**Work order:** Among the entries that follow, the required portion opens with the line containing "Turbo Air TWR-28SD-D2-N" and closes with the line containing "Fr Apple iPhone". Give that portion again exactly, and nothing else.

**Provided entries:**
____
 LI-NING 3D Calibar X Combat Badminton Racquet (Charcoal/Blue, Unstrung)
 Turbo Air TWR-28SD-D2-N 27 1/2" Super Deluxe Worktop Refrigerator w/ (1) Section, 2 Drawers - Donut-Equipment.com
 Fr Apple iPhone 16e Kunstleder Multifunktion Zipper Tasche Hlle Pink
____
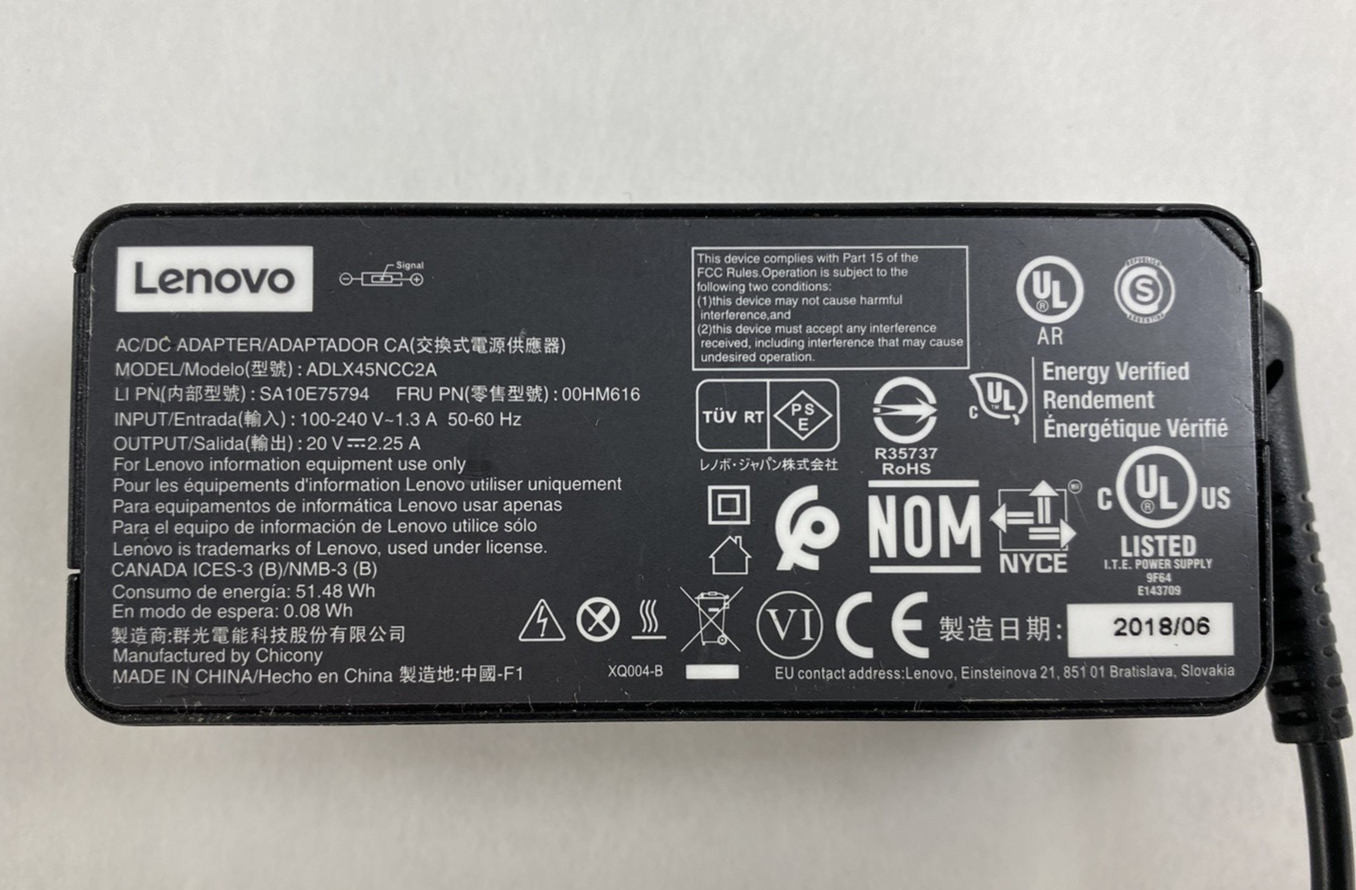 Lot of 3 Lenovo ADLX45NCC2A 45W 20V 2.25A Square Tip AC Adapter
____
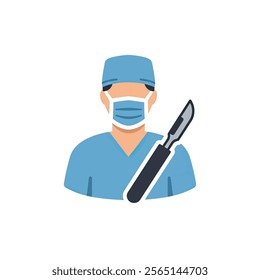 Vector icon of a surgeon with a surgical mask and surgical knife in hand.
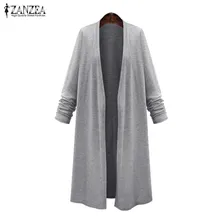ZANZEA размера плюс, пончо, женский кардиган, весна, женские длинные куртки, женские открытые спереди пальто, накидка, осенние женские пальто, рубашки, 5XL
____
**Reply:**
 Turbo Air TWR-28SD-D2-N 27 1/2" Super Deluxe Worktop Refrigerator w/ (1) Section, 2 Drawers - Donut-Equipment.com
 Fr Apple iPhone 16e Kunstleder Multifunktion Zipper Tasche Hlle Pink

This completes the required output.